Your children are accustomed to living with both of their parents. They feel stable in having you both there because that is the only arrangement they've ever known. If you and your husband decide that the marriage is over, one of the most difficult first steps may be breaking the news to the kids.
Of course, you want to address the matter in a loving, age-appropriate way. With that in mind, here are some things to consider:
When is the best time?
This is an important decision to make. For example, news of the divorce isn't something you deliver on the way to school or before the kids go to bed -- or when they're about to be alone or only with friends. Also, it's a good idea to avoid telling the kids during a holiday, which could forever become tainted by the news.
Instead, it's best to tell the children about the divorce when you know they'll be home and awake -- and have some time to think about what they've learned and ask you questions.

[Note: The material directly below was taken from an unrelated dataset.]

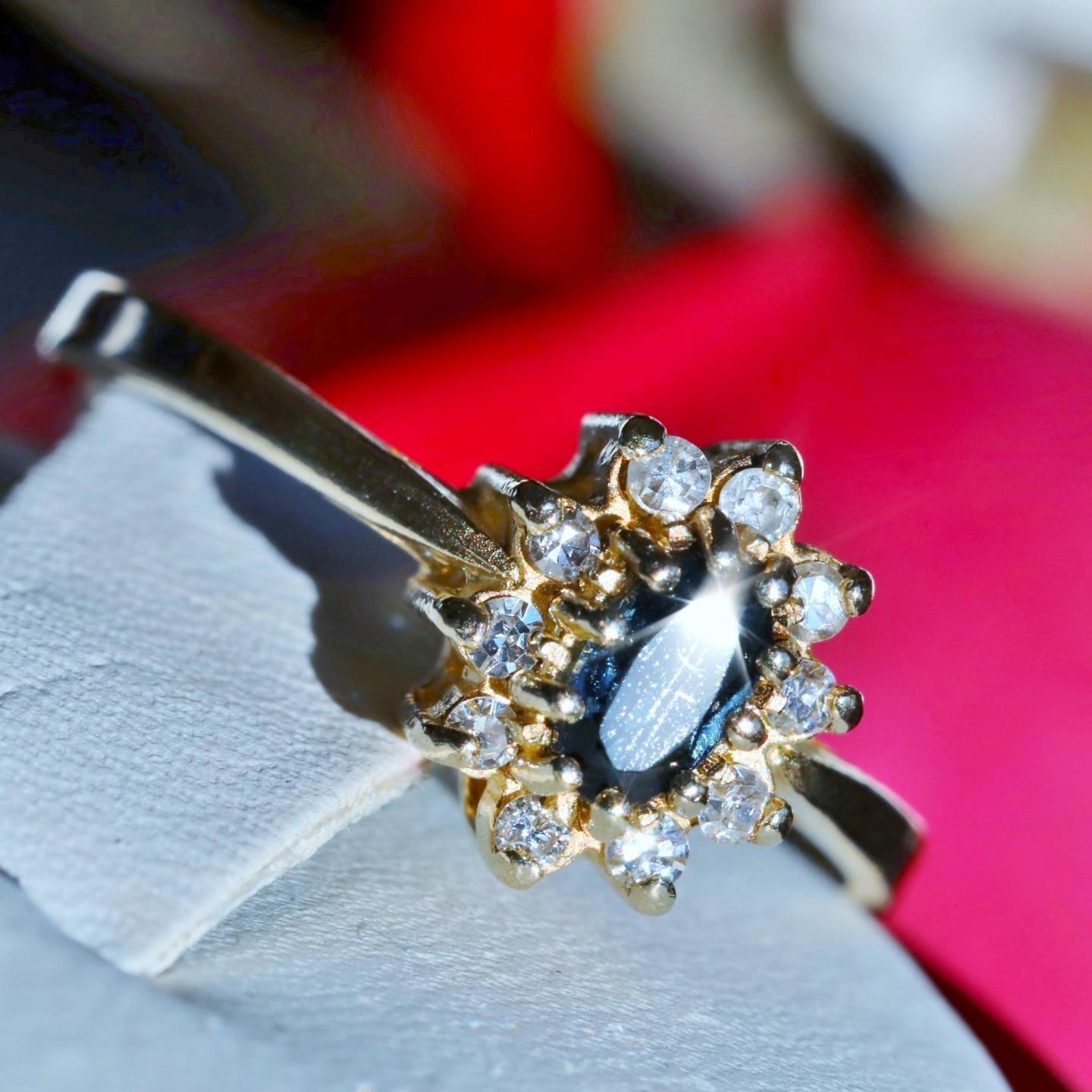 14k yellow gold size 5.75 ring 0.35ct natural, treated sapphire diamond 1.83gr
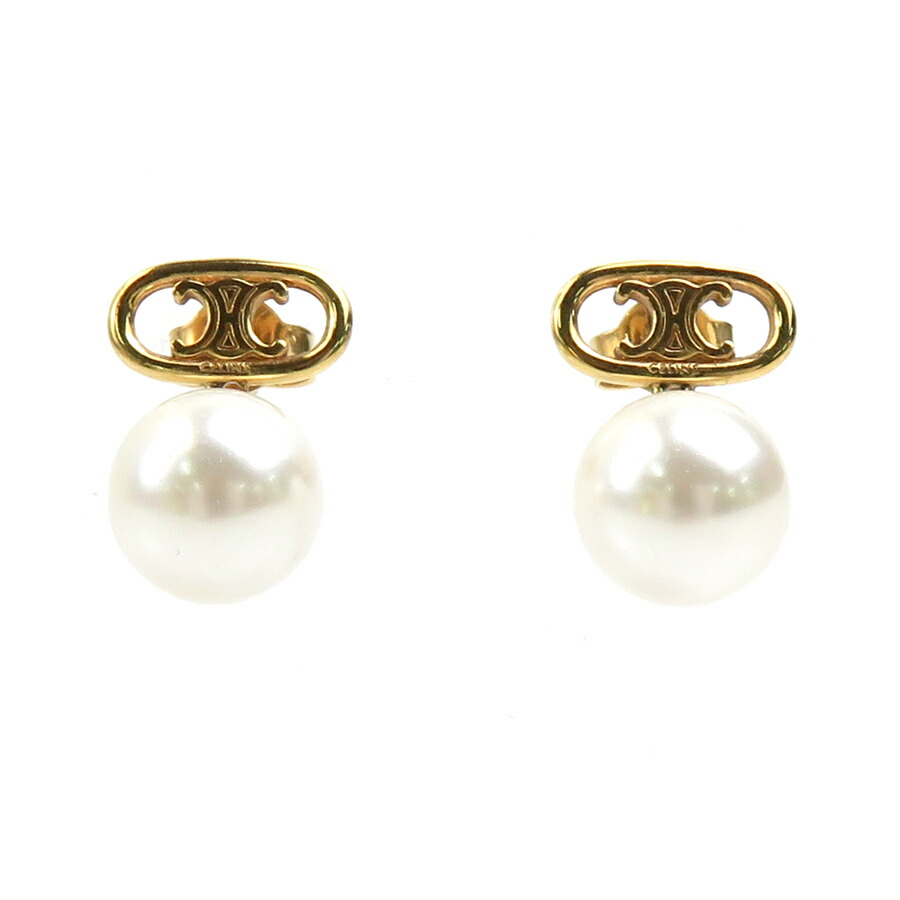 【美品】CELINE Gourmette Studs ゴールド ピアス 美品】CELINE Gourmette Studs ゴールド ピアス - メルカリ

Exactly what will you say?
Let your children know that they have nothing to do with why you and your spouse are separating. Let the kids know that none of it is their fault -- that the reasons for the divorce are between you and the other parent alone. You don't have to get into the details of why the divorce is happening. Just let your children know that you and the other parent will never stop loving them.
Also, be prepared to answer questions. Where will the children live? When will they get to spend time with each parent?
Young children might have simple questions, but you might encounter more complex questions from older children. Try to answer their questions honestly, but remember that you and the other parent don't need to bash each other or say things that make the children think they need to take sides. Encourage your children to express their emotions and reassure them that you will still be there for them.
If you think doing so might help, you might want to write out beforehand what you plan to say.
Think carefully about child custody arrangements.
The sooner you do this and agree on a plan with the other parent, the sooner your children can learn the new way of life and start to settle into a new form of stability with two homes.